Entropy here is referring to how random the user's password is, and thus how difficult it will be to guess it. For example, a four character password which can be comprised only of lowercase a-z has much lower entropy than a four character password which can have A-Z and a-z (and the case is significant).
I may be misunderstanding it. But they are switching the case, not turning it lowercase. So trying both AbCd and aBcD, because that's what you'd type if caps lock was on.
It exchanges a few bits of entropy for a much smoother user experience, and it doesn't actually aid an attacker much (they could just try the permutations themselves)
I dream of a parallel universe where browsers took the lead in crafting innovative UI’s for standard web forms, with things like password prompts behaving intelligently, dropdowns supporting advanced autocomplete, excellent date pickers, caps lock reminders on password dialogs, etc etc.
Websites could have been simple to make with basic markup, leaving UX niceties to the browser vendors.
The world we live in is about as far from that as you get, with the stock UI for <input> elements being about par for 1992 UI toolkits, if even that.
The mobile platforms were a chance to reboot that part, and have browser do a lot more UI wise with custom handling of the different data types (dates, passwords, phone numbers, ranges etc.)
It just didn't pan out to tablets and desktop computers. But it might not be too late ?
> It just didn't pan out to tablets and desktop computers. But it might not be too late ?
Safari has a caps lock indicator on password fields on every platform, and has had it for several years - at least since Safari 12 on macOS 10.12 (circa 2018), possibly longer, but I don't have an older VM to test on.
How would the browser know when/how to display the capslock status? It doesn't know what any given web site is doing wrt to keyboard input. Firefox adds a capslock indicator on the text cursor but not all pages use standard input fields. They might use custom UI elements, or no visual elements at all. Some sites may not even care about capslock (e.g. an arcade game).
It'd be nice to be able to do this without a keyboard event so that you should show an indicator in the password field that caps lock was on before they started typing.
You should be able to do this just fine with MouseEvents, and use `mouseup` or `mousedown` on the input box to trigger your "Caps On" icon, visible before the user starts typing.
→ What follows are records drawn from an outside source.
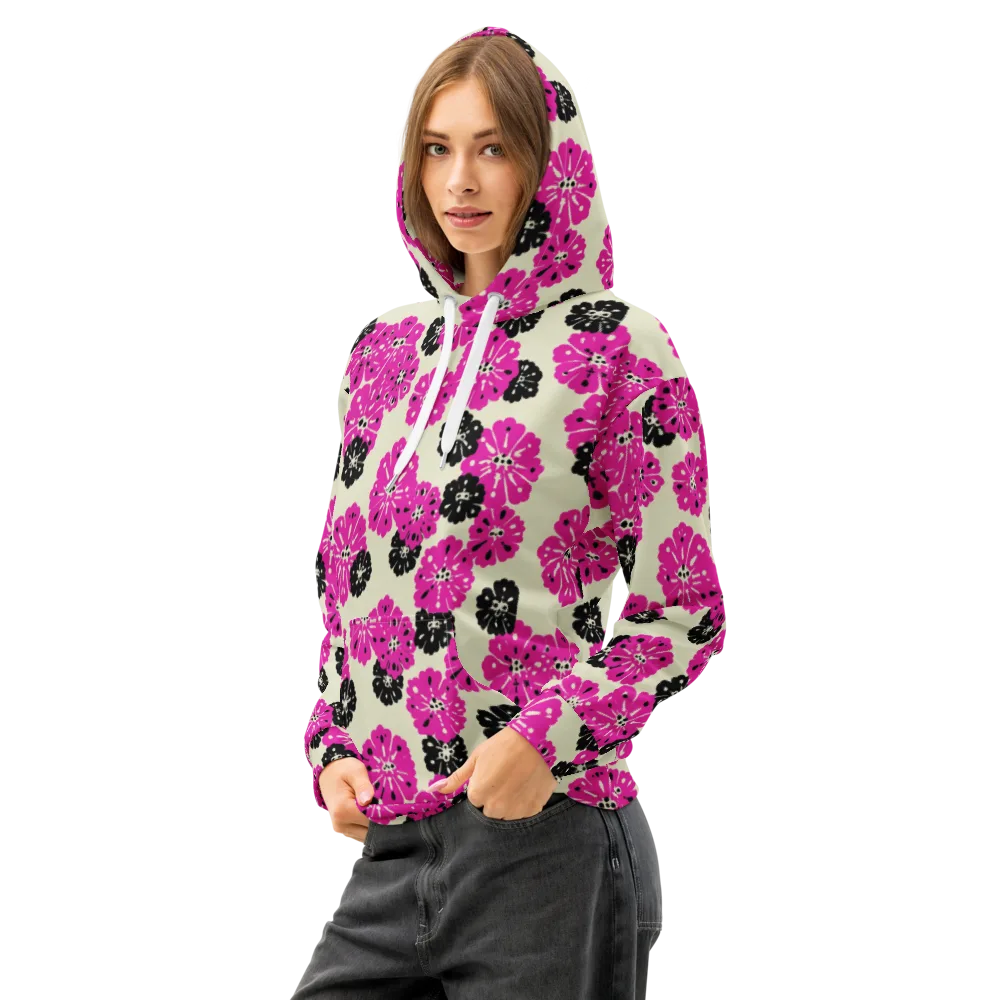 Fuchsia Static on Cotton Hoodie — Left Front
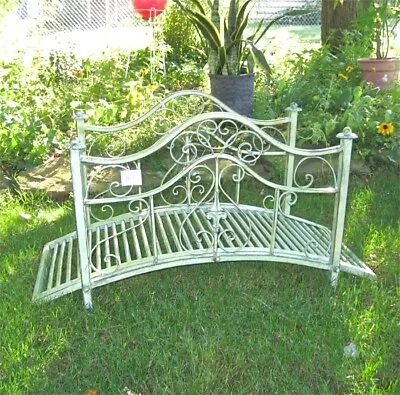 Garden Bridge  21   High - Iron - Rustic Green Finish - Garden Decor   • $209.99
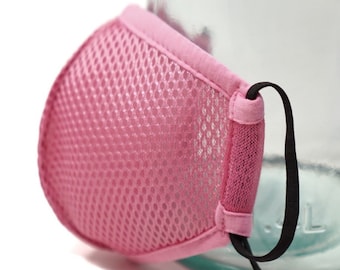 Mesh Breathable Adult Mask with Adjustable Ear and Neck Strap - Pink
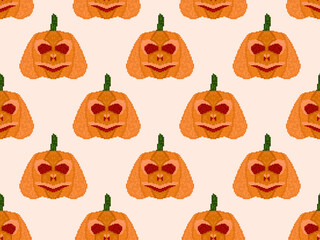 Pixel art pumpkin seamless pattern. Jack-o lantern 8-bit graphics. Halloween design for wrapping paper, banners and promotional materials. Vector illustration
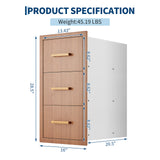 Garvee Outdoor Kitchen Drawers 16" W x 28.5" H x 20.5" D, Flush Mount Triple Access BBQ Drawers, Stainless Steel Handle, Patio Grill Station - Brown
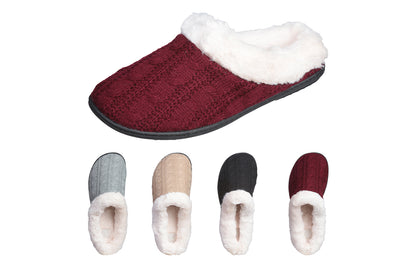 Roxoni Women's Slippers Cable Knit Super Cozy Comfort Clog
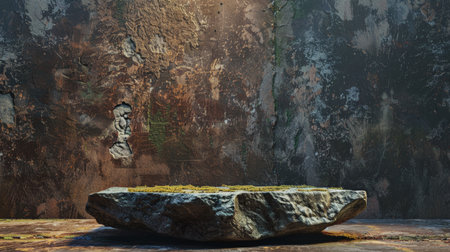 A rough, granite rock podium is set against a brown cement wall with a mossy texture. Warm, green-tinted studio lighting creates a natural atmosphere.の素材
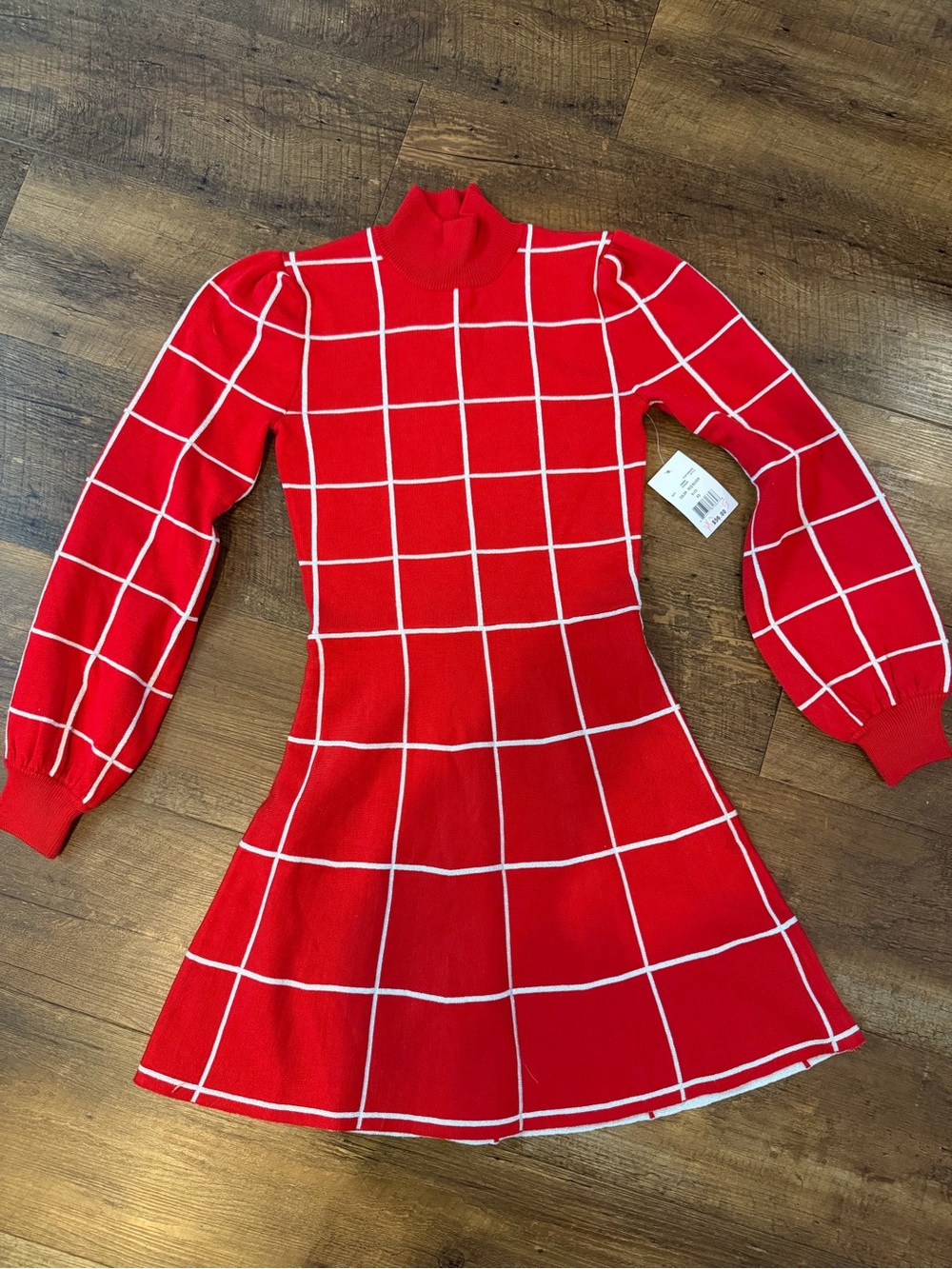 Crystal Doll Red Knit Grid Long-Sleeve Dress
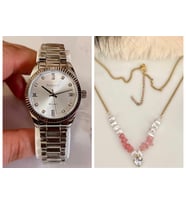 Ferrucci Taşlı Kadran Rolex Kasa Çelik Kadın Kol Saati+Çelik Kolye Hediye (Gümüş)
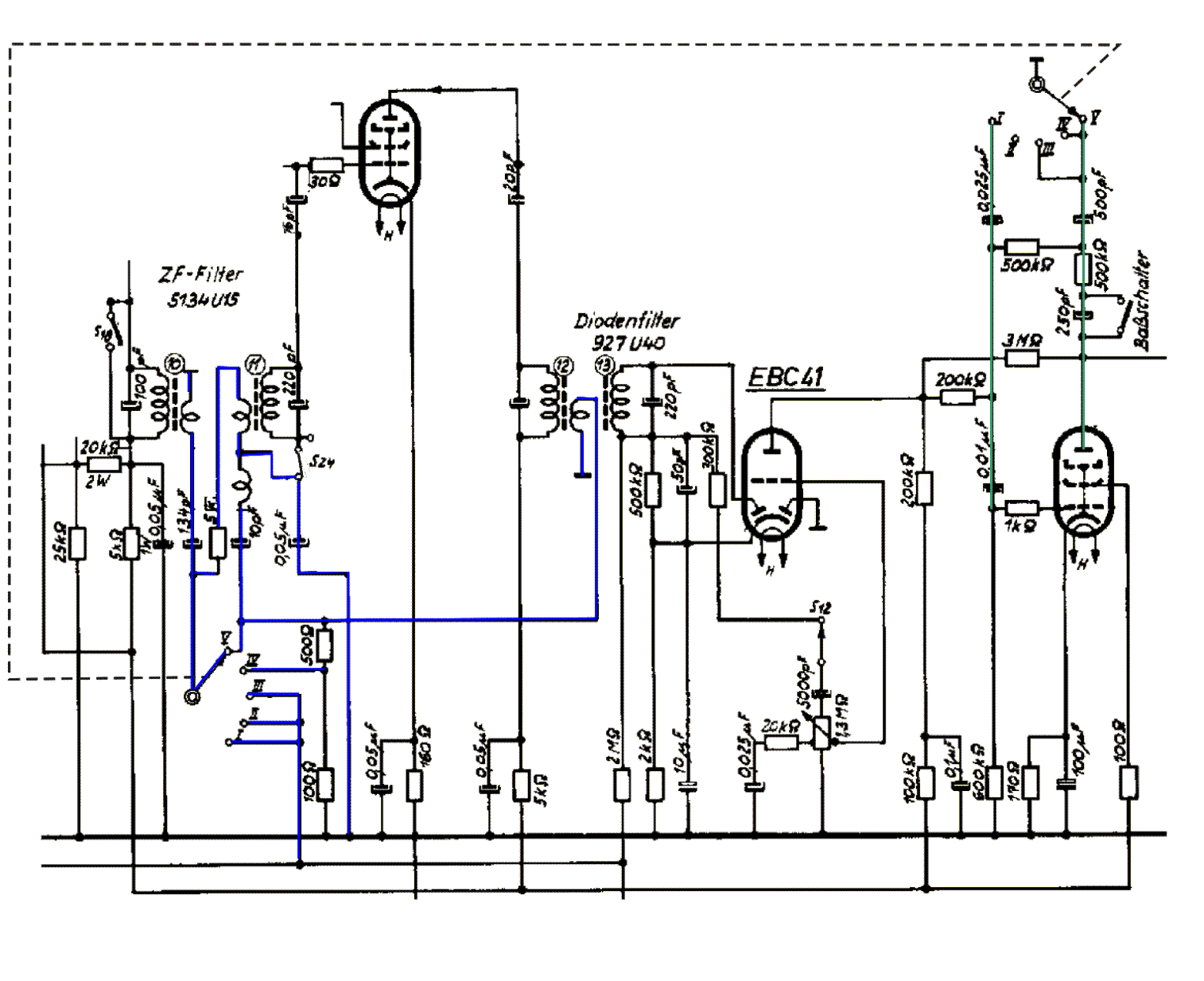 SABA Baden-Baden W MHG filter circuits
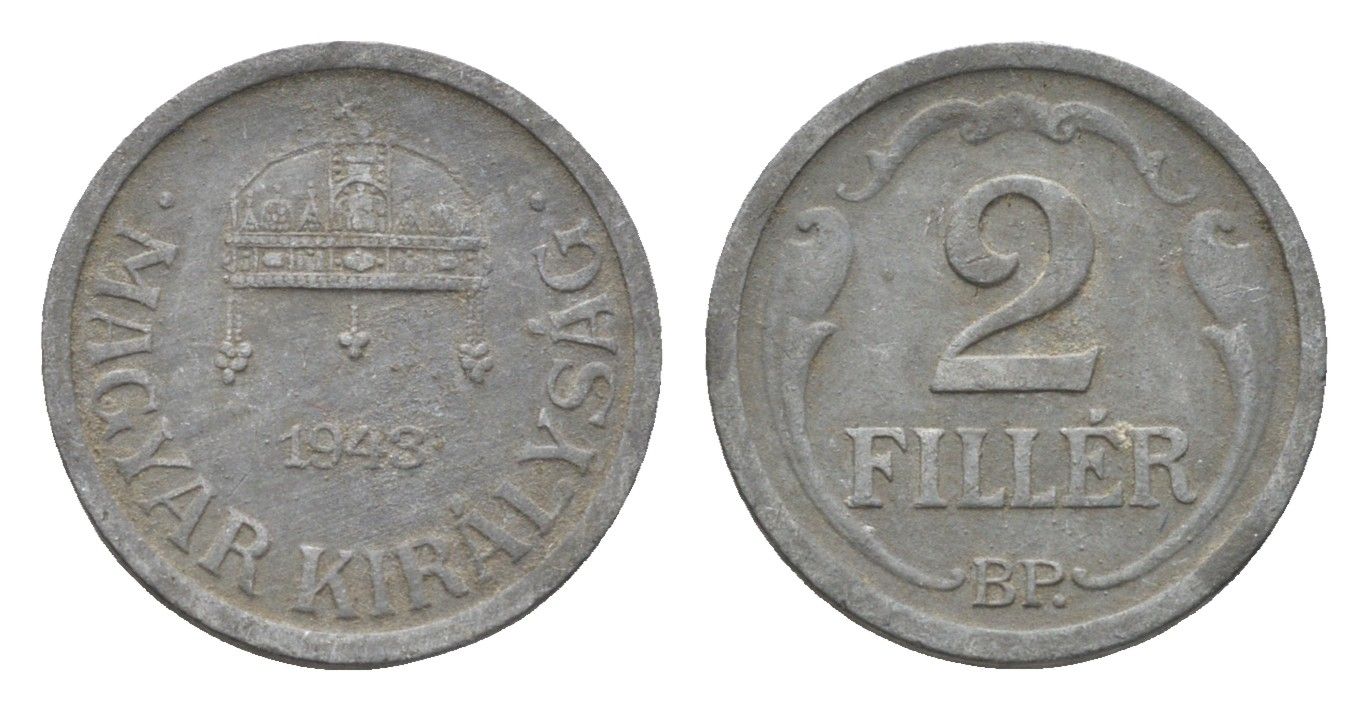 Венгрия 2 филлера 1943 BP KM 519 цинк 4664-862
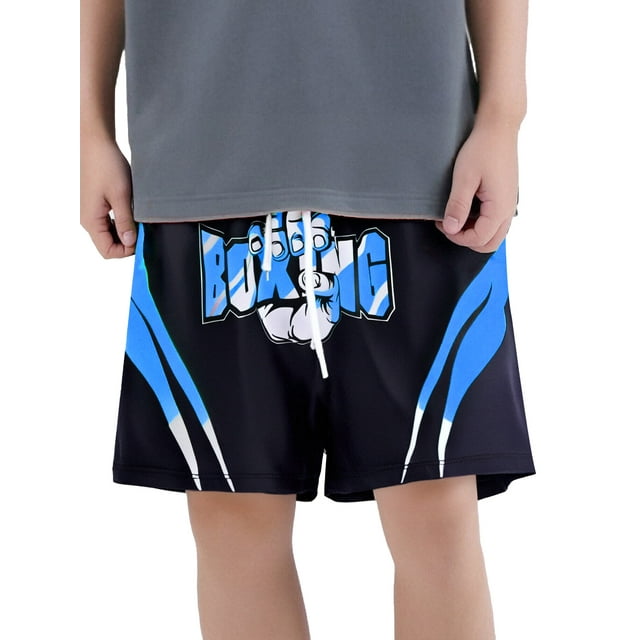 Moggemol Kids Boys Color Block Letter Printed Boxer Shorts Drawstring Elastic Waistband Boxer Trunk Light Blue 16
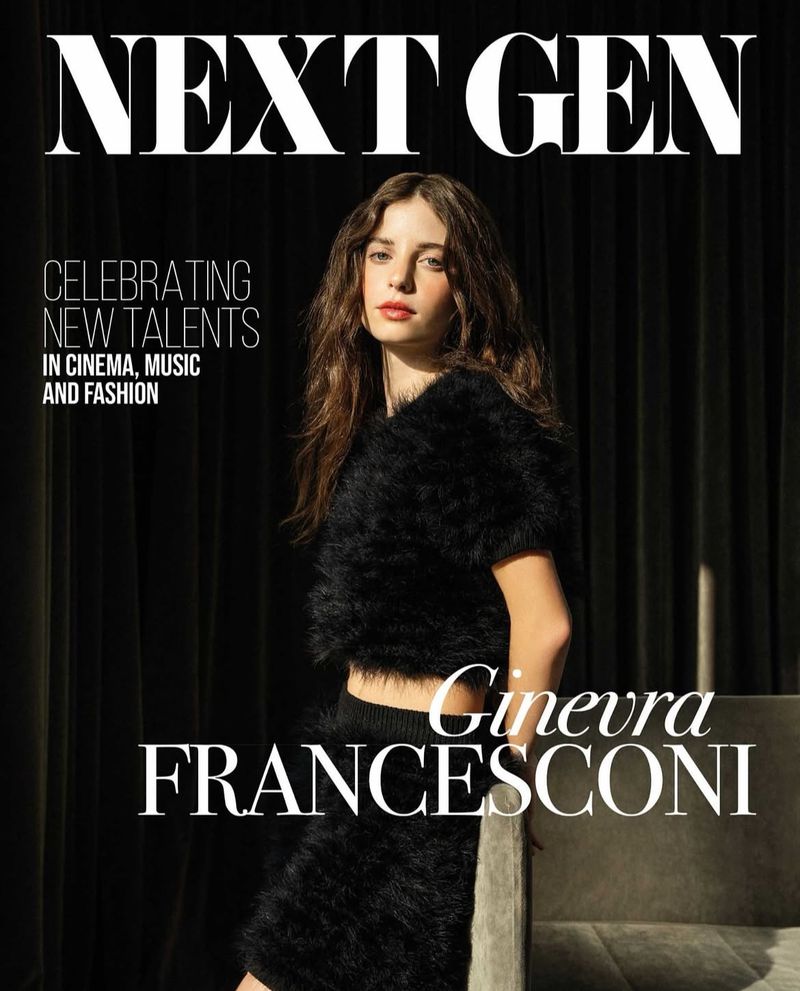 Magazine cover featuring a woman in a black fuzzy outfit, with 'NEXT GEN' and Ginevra Francesconi in bold text against a dark backdrop.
I dunno. Does the password use case really justify writing and maintaining this code rather than just relying on the little LED light on just about every keyboard that does the same thing? The tiny amount of user pain doesn’t seem to be worth it. Part of engineering is deciding whether we should, not just whether we can.
Our robots can be driven remotely via a web app. But there’s ways to accidentally get buttons stuck down because keyup is never guaranteed and you can’t get key state. Two cases: holding down forward key and blur the tab, or open contextmenu.
There’s workarounds of course. But it’s comical spending so much time on something so simplistic.
Poor formatting aside, this feels like a blogspam tutorial. Feels like a weird article to be this high on HN. I don't see what's notable here in the vanilla JS features that the author is pointing out.
"blogspam tutorial": What a brilliant phrase. My teammate and I were recently joking about the same for Python blogs. If you Google any "simple" Python programming question, the results are overloaded with "blogspam tutorials". I cannot wait until ChatGPT will replace all of that crap.
I remember learning Python for my first time, and being constantly inundated with this junk. That or absolutely decade outdated W3Schools. My fear with ChatGPT is that someone's going to set up a no-effort spam generation machine that will make it harder for beginners.
If you google 'detect caps js' you will find hundreds of articles on this very topic, and bard will provide a correct solution in the top of the window. No need for this to be here.